This talk presents two recent stories about nonconvex statistical estimation, which highlight the important role of statistical models in enabling efficient nonconvex optimization. The first story is about randomly initialized nonconvex methods for a phase retrieval problem: even without careful initialization, simple algorithms like gradient descent provably finds the global solution within a logarithmic number of iterations. The second story is concerned with uncertainty quantification for nonconvex low-rank matrix completion. We develop a de-biased estimator—on the basis of a nonconvex estimate—that enables optimal construction of confidence intervals for the missing entries of the unknown matrix. All of this is achieved via a leave-one-out statistical analysis framework, which is very powerful in handling and decoupling complicated statistical dependency.
This is joint work with Cong Ma, Yuling Yan, Yuejie Chi, and Jianqing Fan.

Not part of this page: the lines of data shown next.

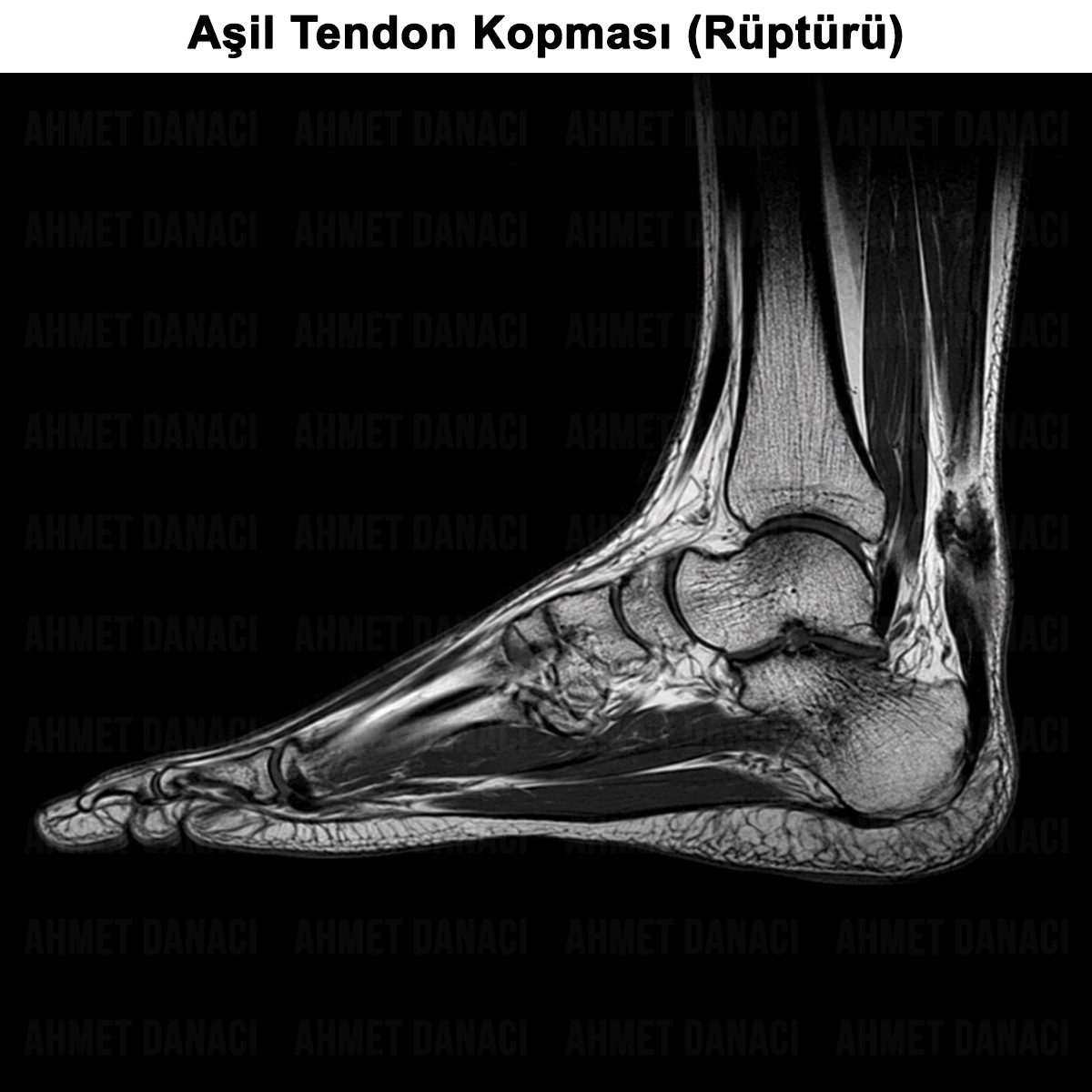Aşil Tendon Kopması (Rüptürü): Nedir? Nasıl Anlaşılır?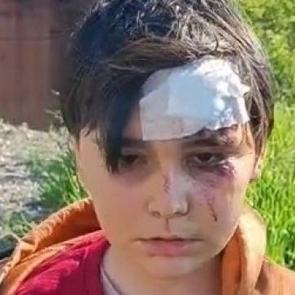 K&uuml;tahya'da başıboş k&ouml;pek dehşeti! 2 &ccedil;ocuk saldırıya uğradı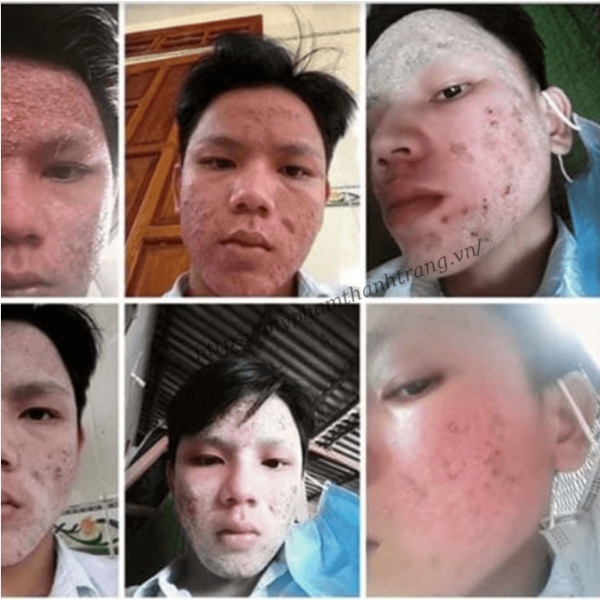 Thảo Dược Tái Tạo Da Linh Chi Vi Mụn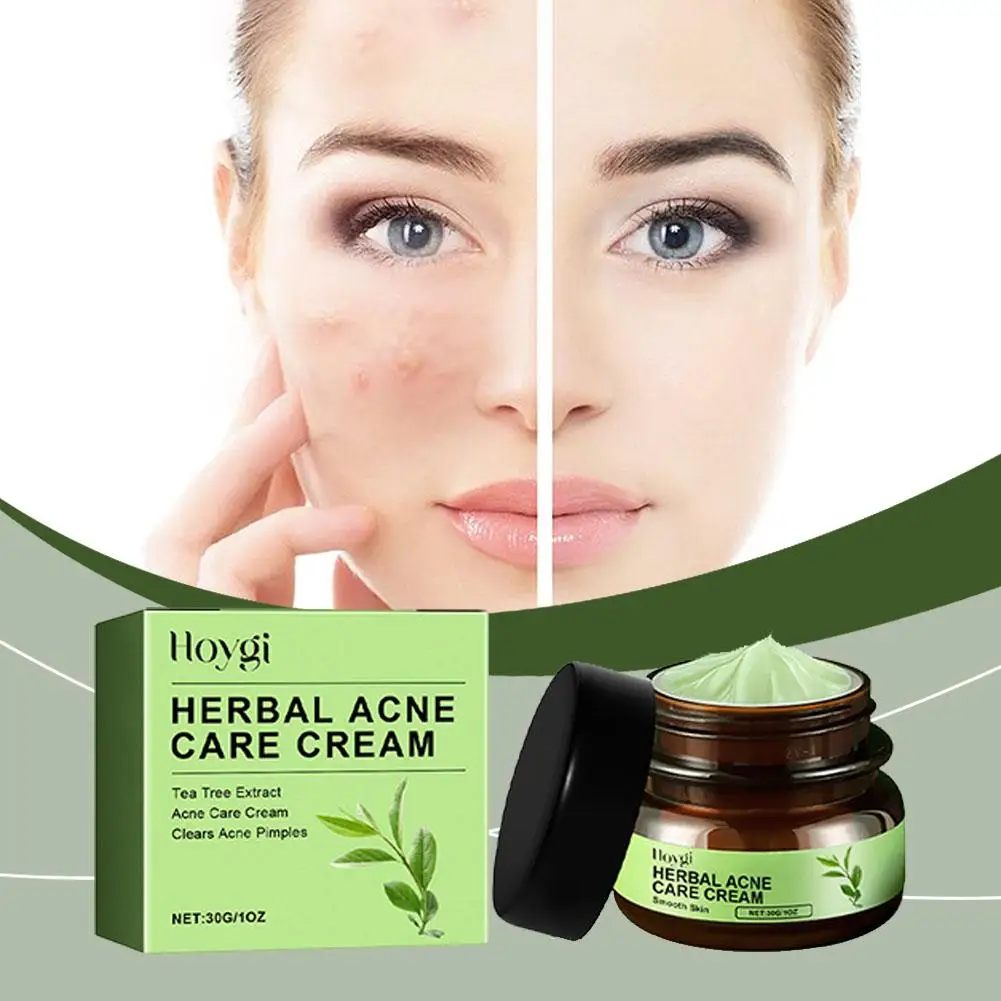 Acne Face Cream Pimple Treatment Oil Control Repair Smooth Redness Remove Hydrating Pore Blackhead Moisturizing Serum Shrin W2l0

Yuxin Chen is currently an assistant professor in the Department of Electrical Engineering at Princeton University. Prior to joining Princeton, he was a postdoctoral scholar in the Department of Statistics at Stanford University, and he completed his Ph.D. in electrical engineering at Stanford University. His research interests include high-dimensional statistics, convex and nonconvex optimization, statistical learning, and information theory. He received the 2019 AFOSR Young Investigator Award.